Spotty attendance presents another challenge. Disrupt Harlem typically graduates only about 10 of its 15 students each session. Celuzza said some contend with “social issues,” like caring for a child or younger sibling.

The Knowledge House aims to reach disconnected youth, said Mitchell, but “it’s hard to reach them because they’re not in school, they’re not at work.” The program has placed about 20 percent of students in jobs or internships; it recently added a job readiness program.

Introducing students to STEM fields from an early age matters when tech literacy is all but assumed. “We’ve hit a point where someone applying for a job at a gas station has to do it online,” said Collins.

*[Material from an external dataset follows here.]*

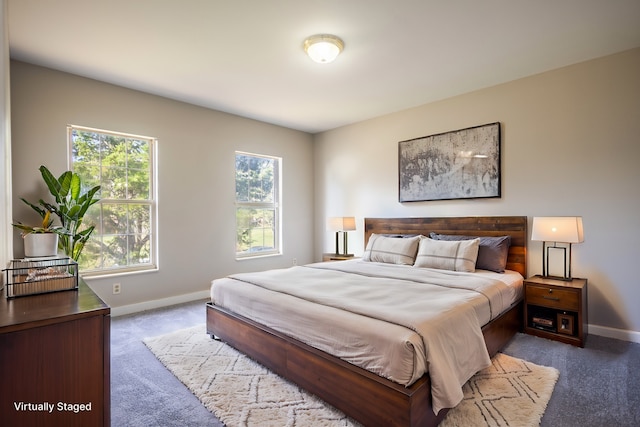 bedroom with dark carpet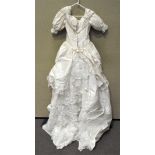 A cream polyester and silk wedding dress,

HYPOTHEkids’ after-school programs at two local schools, the Teachers College Community School and P.S. 36 in Harlem, focus specifically on the math achievement gap. Students as young as four learn about molecules, a concept they might not normally encounter until fourth or fifth grade.

This early intervention is key, said Kovich. At both schools, only about 20 percent of third, fourth and fifth graders score “proficient” or higher on the state math exam, far below the citywide average of 39 percent.

Despite such disparities, more Harlemites are entering STEM fields and the tech industry because of these programs. “There’s more need than there are programs,” said Banks.

Color of Change’s media justice campaigns go a step farther, aiming not only to diversify the tech industry but also to encourage people of color to create and control their own tech infrastructure, said Collins.

“We need to speak for ourselves,” she said, and make space for “the next black, female Mark Zuckerberg.”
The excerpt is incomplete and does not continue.